What to produce → In the data below, find the line containing "for iPhone X/XS" and the line containing "Kangaskhan 5/64 Pokemon", then reproduce them and every line between, exactly. Omit pictures.

Input for this task →
§

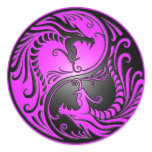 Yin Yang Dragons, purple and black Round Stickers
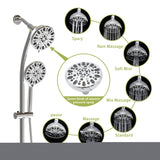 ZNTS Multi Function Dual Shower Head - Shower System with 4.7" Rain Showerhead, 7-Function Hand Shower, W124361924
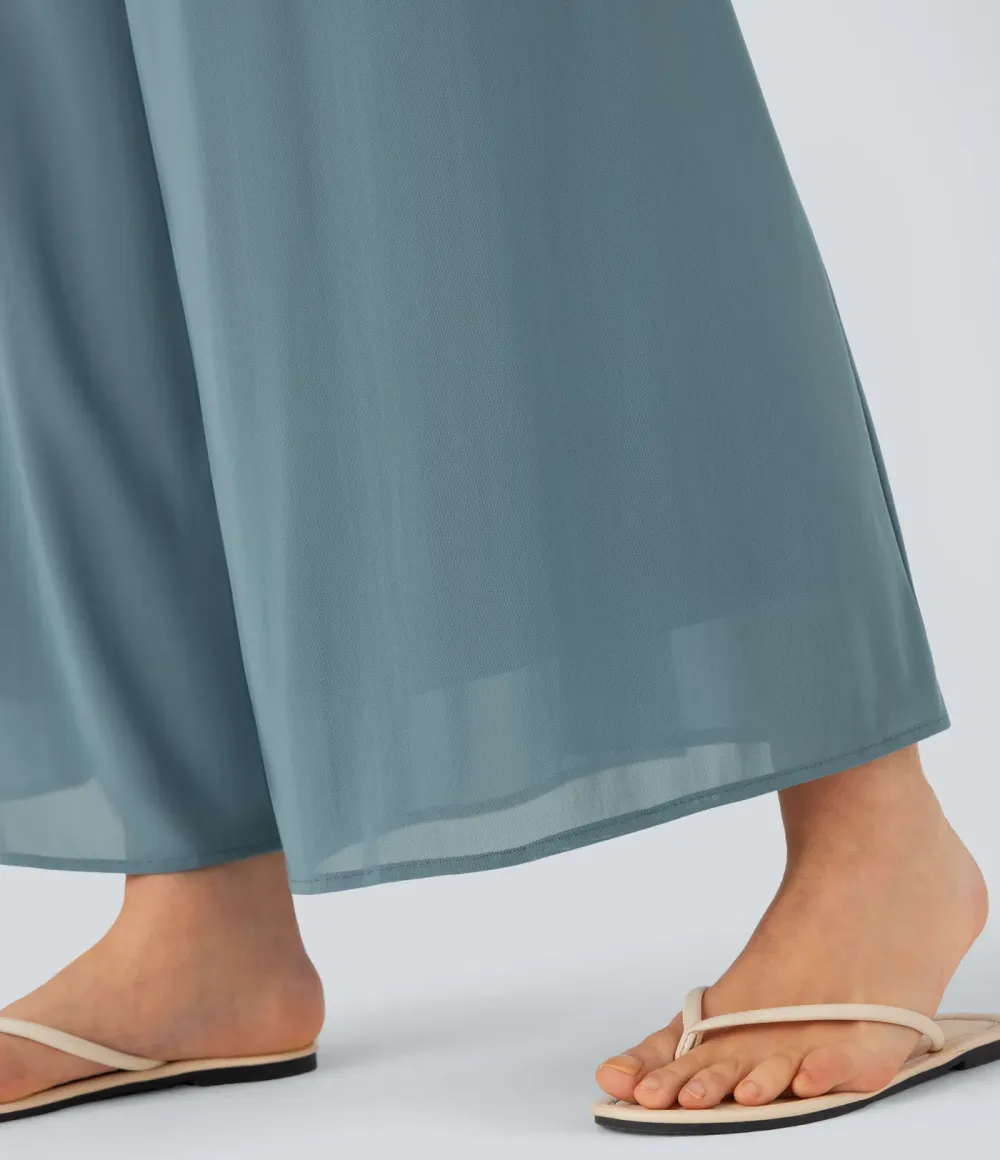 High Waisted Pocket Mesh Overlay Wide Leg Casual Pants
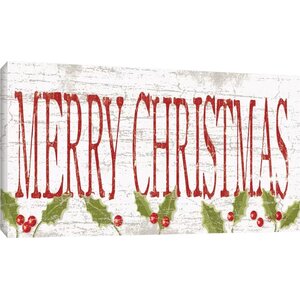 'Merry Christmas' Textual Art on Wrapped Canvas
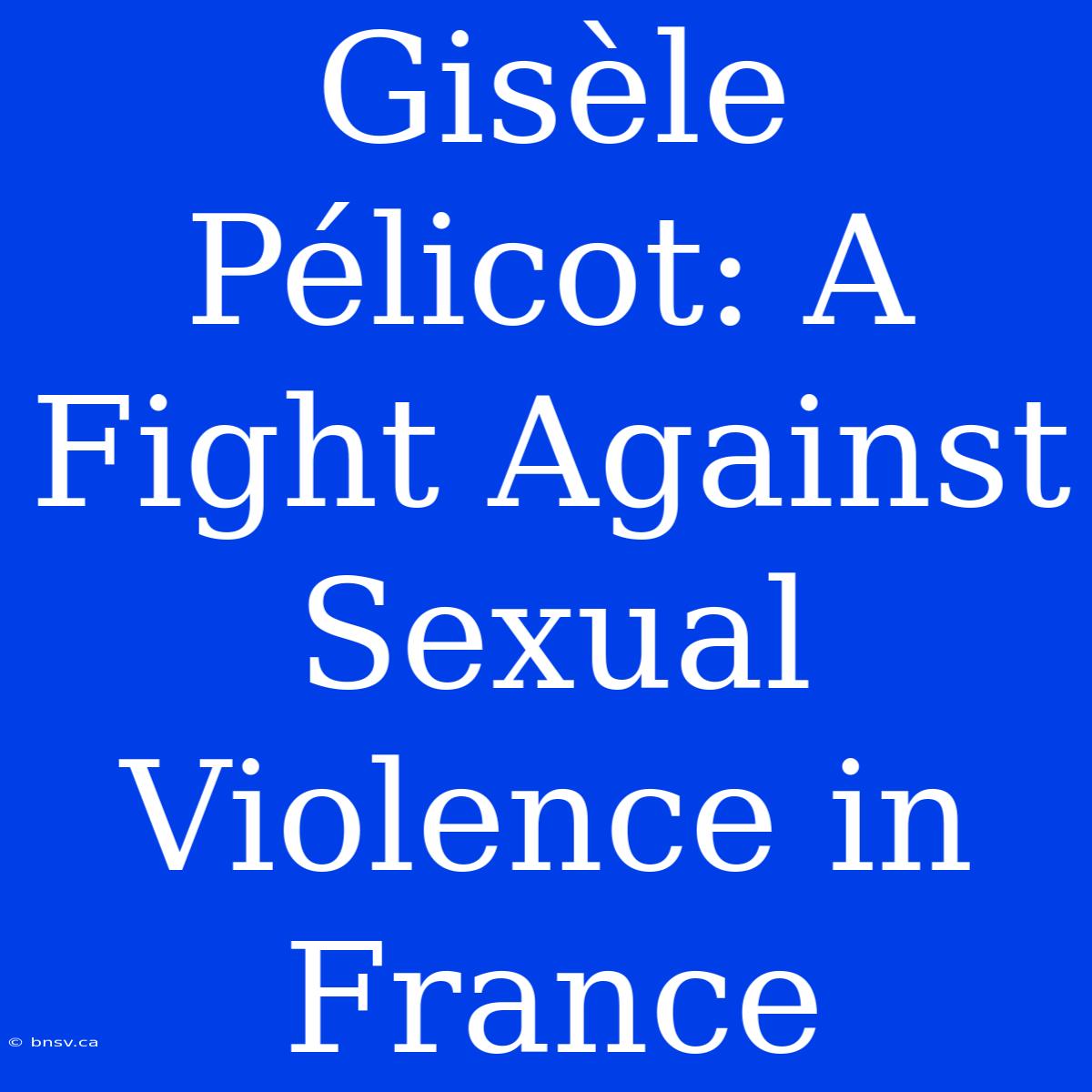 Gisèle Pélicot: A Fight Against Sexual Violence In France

§

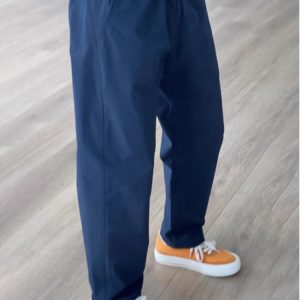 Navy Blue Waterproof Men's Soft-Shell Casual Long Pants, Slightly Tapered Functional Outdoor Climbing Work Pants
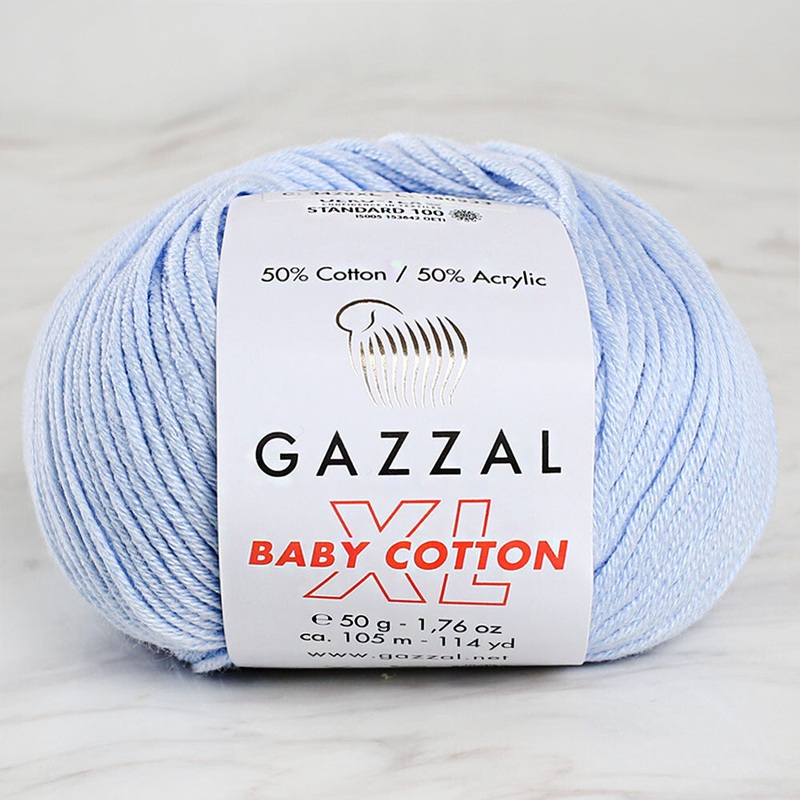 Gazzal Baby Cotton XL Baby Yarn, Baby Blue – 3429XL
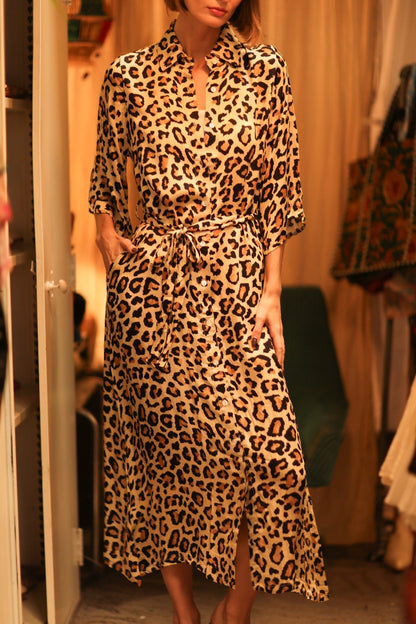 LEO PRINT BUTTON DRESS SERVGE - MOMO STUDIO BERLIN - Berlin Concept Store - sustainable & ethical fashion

§

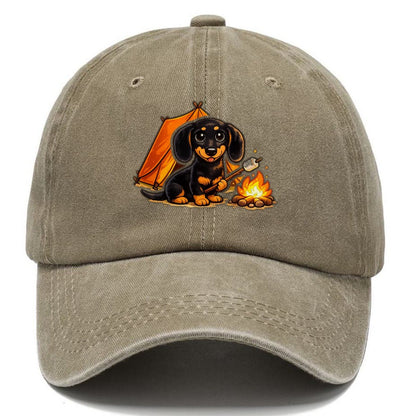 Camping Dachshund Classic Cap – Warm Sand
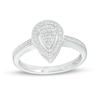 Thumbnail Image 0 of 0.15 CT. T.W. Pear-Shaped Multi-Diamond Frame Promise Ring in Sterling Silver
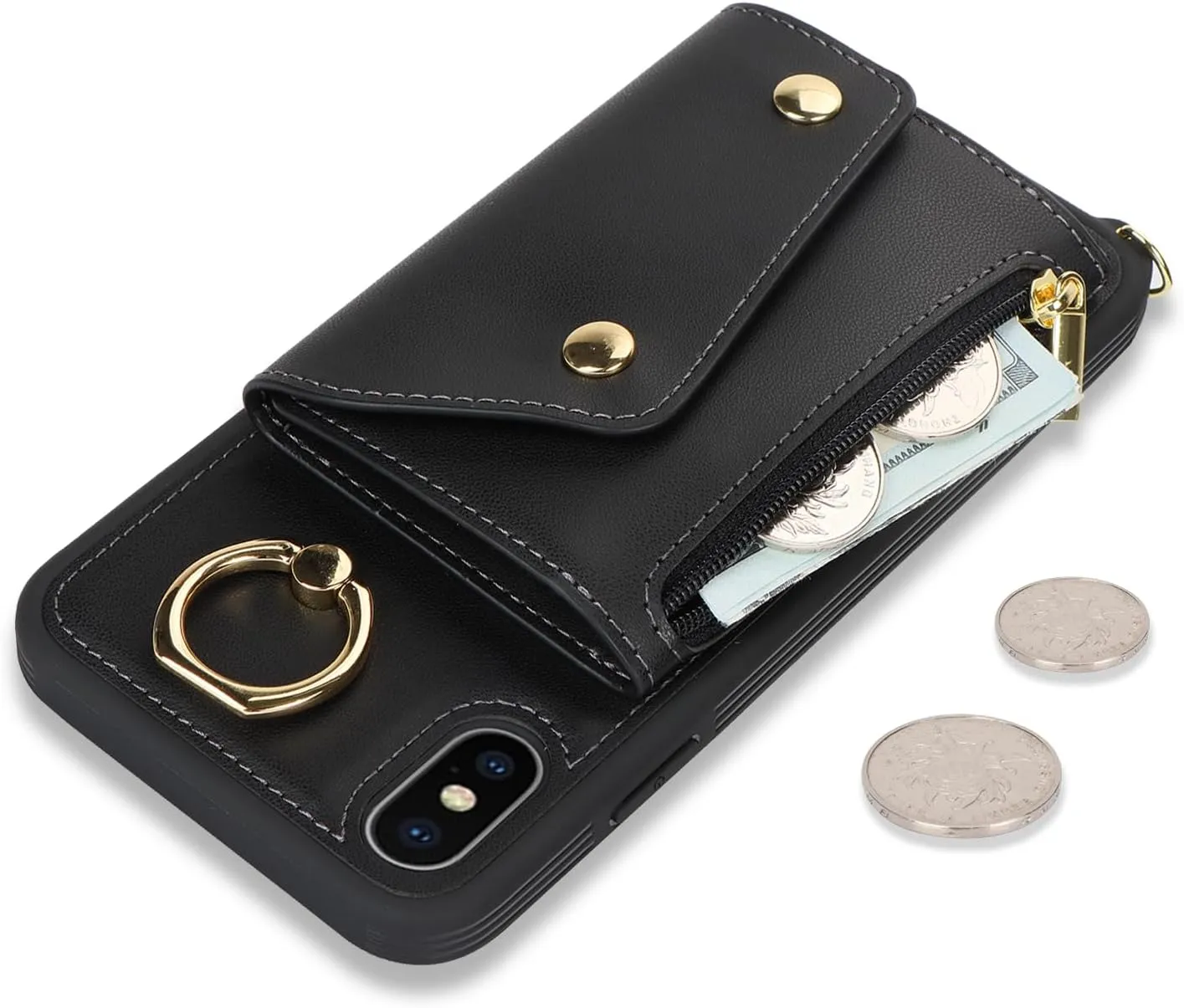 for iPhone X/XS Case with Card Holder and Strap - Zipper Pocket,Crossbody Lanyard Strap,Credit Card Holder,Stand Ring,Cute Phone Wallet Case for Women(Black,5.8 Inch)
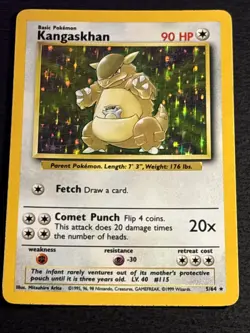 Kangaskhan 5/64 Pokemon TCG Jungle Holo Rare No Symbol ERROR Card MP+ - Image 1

§

Result of the task →
 for iPhone X/XS Case with Card Holder and Strap - Zipper Pocket,Crossbody Lanyard Strap,Credit Card Holder,Stand Ring,Cute Phone Wallet Case for Women(Black,5.8 Inch)
 Kangaskhan 5/64 Pokemon TCG Jungle Holo Rare No Symbol ERROR Card MP+ - Image 1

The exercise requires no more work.